Minutes from 754R meeting 11 April 2001

David Hough

The fourth meeting of the IEEE 754R revision group was held Wednesday 11 April 2001 at 1:00 pm at Network Appliance, Bob Davis chair. Attending were Joe Darcy, Bob Davis, Dick Delp, David Hough, David James, Rick James, W Kahan, Ren-Cang Li, Alex Liu, Jason Riedy, David Scott, Dan Zuras.

A mailing list has been established for this work. Send a message "subscribe stds-754" to majordomo@ieee.org to join. Knowledgeable persons with a desire to contribute positively toward an upward-compatible revision are encouraged to subscribe and participate.

The next meeting is scheduled for Weds 16 May at UC Berkeley, 3-7 PM, room to be announced. The subsequent meeting will be Weds June 20, 1-5 PM, Network Appliance bldg 2, Craftsman conference room.

The draft minutes of the previous meeting were corrected: the error bound for matrix multiply is hardly any better for a specific cache blocking than for the class of all cache-blocking algorithms, but the performance is much different.
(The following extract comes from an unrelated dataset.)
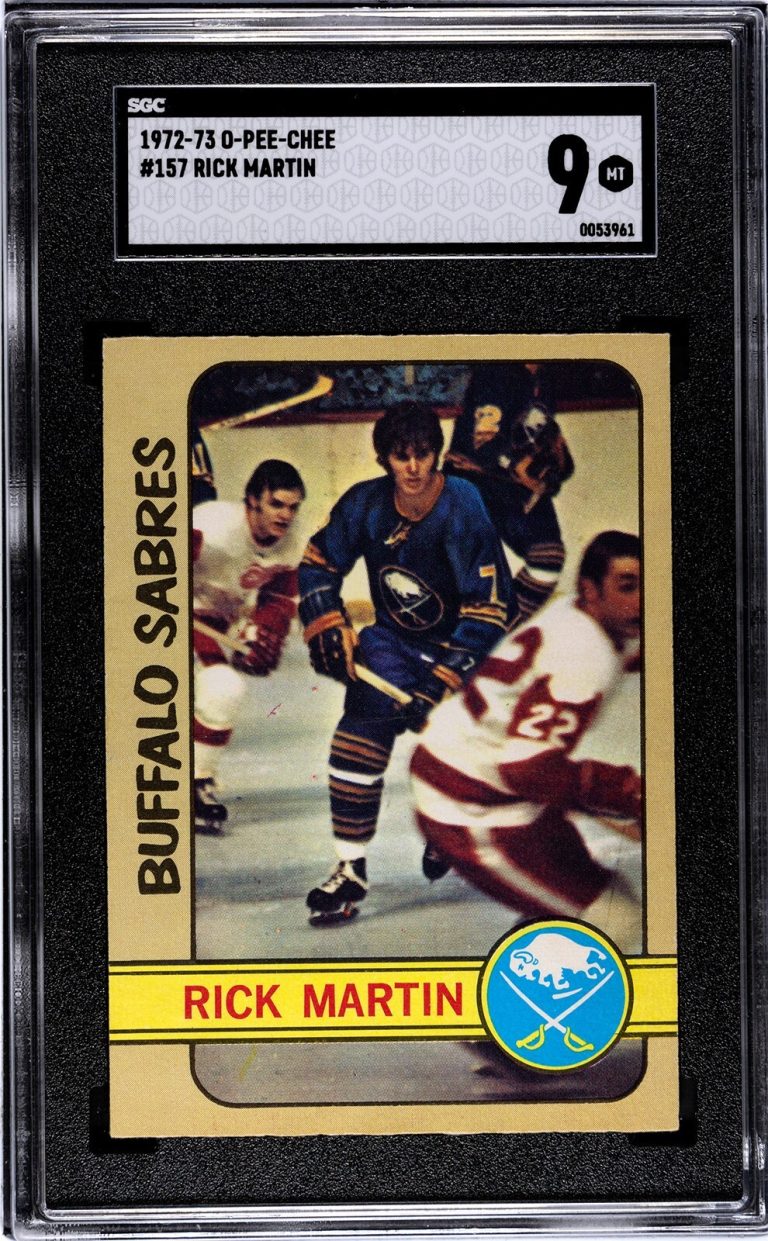 Rick Martin 1972-73 O-Pee-Chee NHL Card #157- SGC Graded 9 Mint (Buffalo Sabres)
Minutes will be posted in a public area of the IEEE website to be announced.

Scope and Purpose . The existing purpose of the 754R effort refers to identical results. This has never been a universal literal aim of 754 or 854 - running afoul of various good and bad hardware and software features within systems that are still considered to conform to 754. From the IEEE's point of view, the committee can edit its scope and purpose for clarity, but orthogonal changes would require approval.

After some discussion we came up with a new

SCOPE: This standard specifies formats and methods for floating-point arithmetic in computer programming environments: standard and extended functions with single, double, extended, and extendable precision, and recommends formats for data interchange. Exception conditions are defined and default handling of these conditions is specified.
PURPOSE: This standard provides a discipline for performing floating-point computation that yields results independent of whether the processing is done in hardware, software, or a combination of the two. For operations specified in this standard, numerical results and exceptions are uniquely determined by the values of the input data, sequence of operations, and destination formats, all under programmer control.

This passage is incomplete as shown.